A different shade of red

Whenever I encounter people on social media who describe themselves as "traditional leftists", I often come away confused. They tend to bang on really quite a lot about how much they're traditional leftists but spend most of their time disparaging women, which is rather strange. They might espouse concern for worker's rights, but don't seem to have much a problem with attacking minorities - a trick not all that dissimilar to fascism.

So there is certainly plenty of diversity among those who self-identify as the left*. An excellent summary piece of a specific type of disagreement among lefties can be found here, which I think provides a good basis for understanding what's going on (though others disagree). In brief, I think there is a particular subset of the so-called "woke" who are not really determined to fight oppression and intolerance, but just to hurt people : when someone repents for their moral shortcomings, they still go on attacking them. It's one thing to find views abhorrent, but quite another to utterly dismiss anything someone says about any topic because you disagree with them on one particular subject.

*It's worth mentioning also that left and liberal do not automatically go together : in the Czech Republic, left tends to mean full-blown Communism, whereas in the UK it tends to mean vegan hipster students.

This, though, is a big topic, and I shall largely leave it for now. Such a subset is, I think, anyway rather small, and its importance massively overblown by the right. Today I turn instead to this very long, detailed study examining how the views of the traditional British Labour voter have shifted over the decades. While day-to-day politics and individual characters is and are important, it's easy to avoid seeing the forest for the trees. This study attempts to zoom out and see what are the large factors at work driving the changes, and, because it's from Tony Blair's institute, to work out a strategy for Labour to get back in the game.

It must be said that some of this is obvious. Labour needs clear policies ? That's nothing that literally everyone hasn't been saying for months. People don't like Corbyn ? It's only a wonder that the disaster of the 2019 general election didn't happen in 2017.

But much of it isn't obvious at all. While the decline of the working class is pretty apparent, the changing social attitudes of what remains of that demographic are rather surprising.

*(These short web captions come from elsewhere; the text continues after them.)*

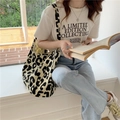 Lifestyle shot of large leopard print canvas tote bag held by a model near a window - Large Capacity Korean Tote Bag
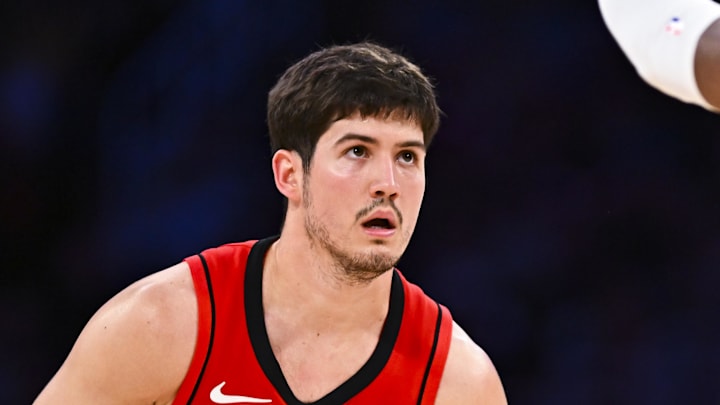 Apr 11, 2025; Los Angeles, California, USA; Houston Rockets guard Reed Sheppard (15) looks to shoot against Los Angeles Lakers forward Rui Hachimura (28) during the second half at Crypto.com Arena. Mandatory Credit: Jonathan Hui-Imagn Images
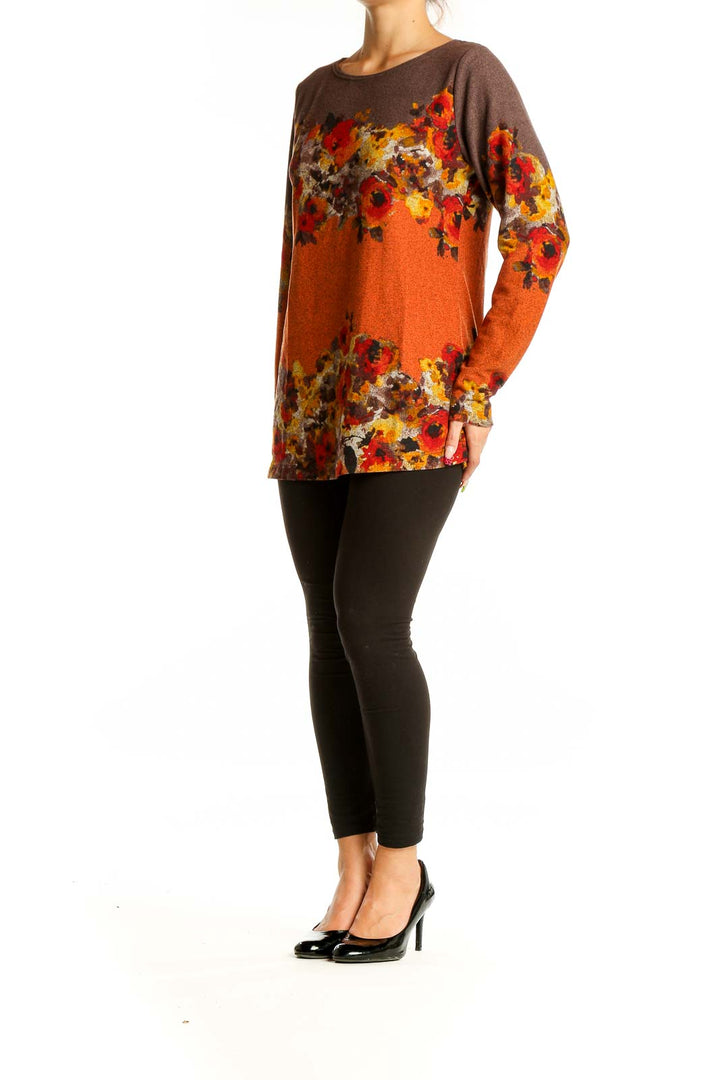 Front view of SimontonSays orange floral print long sleeve knit top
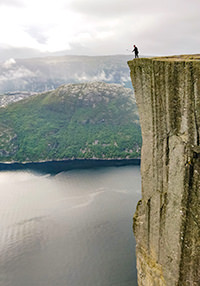 Man looking over the edge of the Preikestolen cliff in Norway, photo by Ivan Kralj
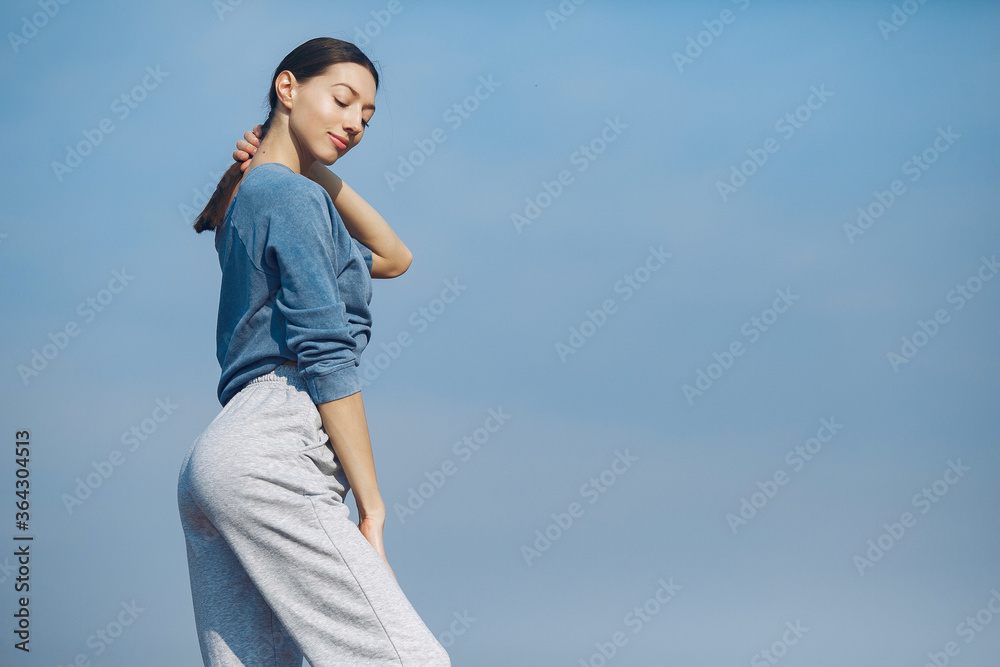 Beautiful girl training on a sky background. Woman in a blue sweater. Lady make a yoga Beautiful girl training on a sky background. Woman in a blue sweater. Lady make a yoga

1) The working class isn't what it used to be

Trade unions, along with other local organisations, represented Parkin’s “institutionalised forms of deviance” that played such a large part in the local communities of Labour’s industrialised heartlands, dominated by specific industries with large workforces. In these heartlands, the disappearance of so many big industries has undermined the culture of working-class solidarity, and so diminished the appetite for challenging the status quo and the establishment... today’s working-class voters are :less likely than middle-class voters to join a trade union; less likely to have jobs in workplaces with more than 100 employees; less likely to be left-of-centre.

In so far as there are class differences, there are slightly more middle- than working-class voters who fit the traditional stereotype of unionised, left-wing voters with jobs in large workplaces. That said, the differences are small. Now that Parkin’s “institutionalised forms of deviance” have disappeared, so too have gaps in these traditional measures of class difference closed.

Not only has the working class severely shrunk, but those who are left don't hold the traditional views anyway. So Labour going back to its roots isn't going to work, because the roots have gone. Similarly, the decline of the Red Wall, far from being a recent development, has been ongoing for decades - it only looks like a sudden collapse because of the electoral system. The regions had atypically high Labour support decades ago, but have since undergone regression to the mean :

Brexit and Jeremy Corbyn’s leadership accelerated the process towards the end of the 32-year period, but the red-wall bonus had been shrinking for 20 years; indeed, most of it happened before either the Brexit referendum or Corbyn’s election as party leader. In fact, the long-term political trajectory of the red-wall towns has been towards parity with England overall, not away from it.

The losses of the red-wall seats need to be considered in a wider context. They reflect Labour’s national failure to respond effectively to the economic and social changes of the past 50 years. This failure looks greatest in the red-wall towns simply because the changes there have been the greatest...  Our findings suggest that Labour will fail, and probably fail badly, if it tries to regain power simply by seeking to revive its working-class appeal. The reason is not just that the number of working-class voters is now too small, but that their lives today are far less like those of their (usually) working-class parents, and far more like their middle-class contemporaries.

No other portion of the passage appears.